Le secteur forestier en général

« Et en ce moment, ça bouge très peu. Avec l’élection de Donald Trump aux États-Unis, ça ne laisse pas entrevoir un dénouement rapide dans le contexte. On se souvient que l’industrie forestière est en crise, pas seulement au Témiscamingue, mais partout au Québec. Une industrie forestière en crise, ça veut aussi dire qu’il y a des contextes comme le prix de la fibre, le coût du financement, les taux d’intérêt très élevés, et les conditions de marché où il y avait du dumping de l’Europe. L’Europe, particulièrement l’Allemagne, a eu un problème avec un insecte, et ils ont dû produire beaucoup de bois de sciage, et ce bois-là, il faut bien qu’ils le vendent. Alors, ils l’ont mis sur le marché à très bas prix. Tout cela fait que la production québécoise n’est pas concurrentielle », dit madame Bolduc.

« Le prix du bois a drastiquement chuté depuis deux ans. Il est passé d’environ 10 $ pour un morceau de 2’’x4’’ à moins de 3 $. Il se trouve ainsi à un creux historique, pendant une période historiquement longue, et cela explique les très nombreuses fermetures d’usines aux quatre coins de l’Amérique du Nord. En réaction aux pertes financières mensuelles importantes que la production à Béarn générait, nous avons ralenti la production en janvier 2024 en tâchant de minimiser l’effet sur les membres de nos équipes. Ça n’a pas permis de réduire les niveaux de pertes de telle sorte que nous avons complètement suspendu la production au printemps.

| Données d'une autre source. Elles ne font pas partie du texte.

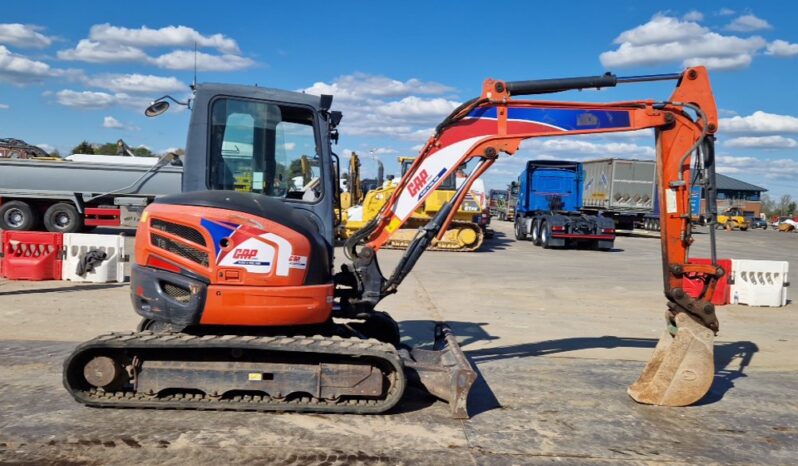 2017 Kubota U48-4 Mini Excavators For Auction: Leeds, UK – 30th April, 1st, 2nd & 3rd May 25 full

Afin de minimiser l’effet sur l’économie du Témiscamingue, nous avons maintenu la récolte jusqu’à la fin d’août, pour établir des inventaires de bois rond pour plusieurs mois de production, dans le cas d’une reprise », explique Frédéric Verreault, directeur exécutif, développement corporatif chez Les Chantiers de Chibougamau.

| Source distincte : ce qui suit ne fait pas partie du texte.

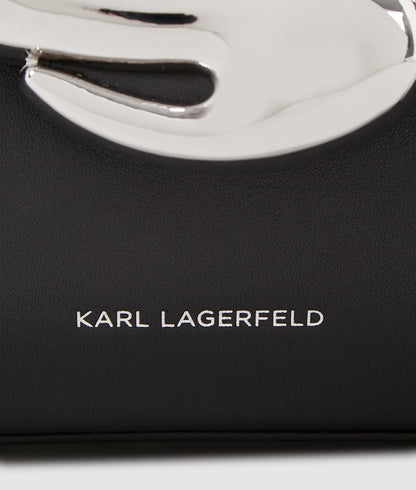 KarlLagerfeld Choupette Top Handle Bag Black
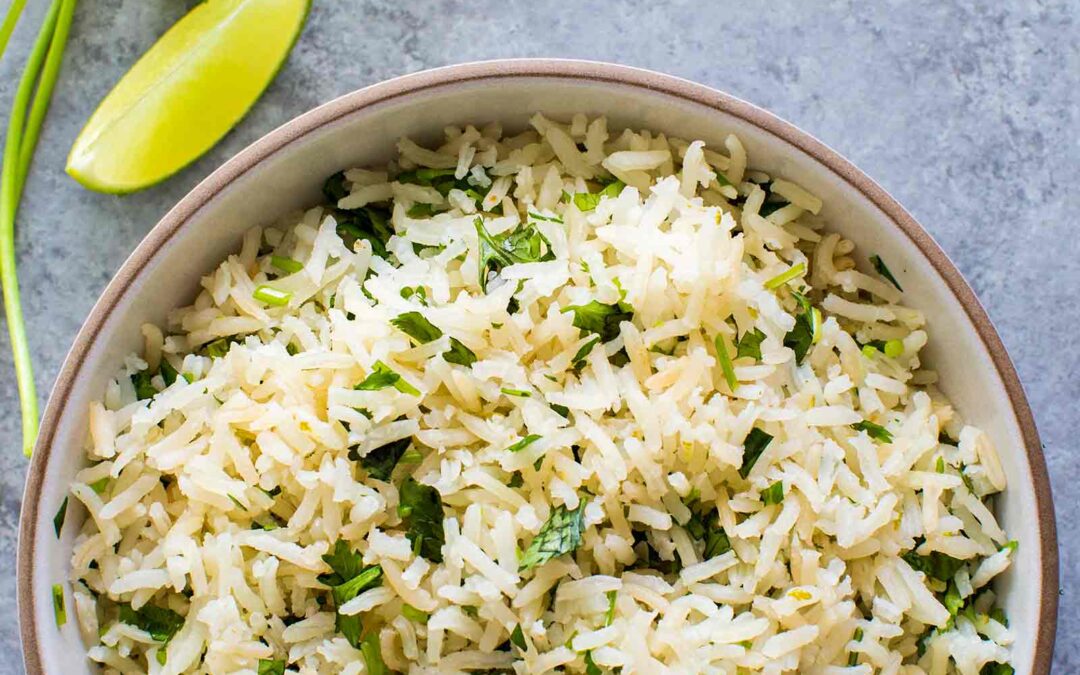Delicious & Zesty Cilantro Lime Rice Recipe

Chantiers de Chibougamau a maintenu un maximum d’employés en fonction pour procéder à des travaux d’amélioration à l’usine, en plus de proposer du travail à plusieurs dans les autres usines. Les employés ont tous été rappelés pour reprendre la production pour un minimum de sept semaines depuis le 28 octobre. « Redémarrer une usine en arrêt depuis plusieurs mois pose de nombreux défis, mais on sent la bonne foi des équipes pour que ça se passe le mieux possible. Depuis un mois, les prix de vente s’améliorent et les nuages se dissipent un peu. Nous surveillons la situation de jour en jour pour voir ce qu’il sera possible d’avoir comme niveau de production au début de 2025. Nous continuons de souhaiter un retour à des activités normales dans les meilleurs délais, en étant toutefois lucides des défis d’approvisionnement qui persisteront au Témiscamingue, notamment avec les changements d’activités chez nos collègues de Rayonier à Témiscaming », termine-t-il.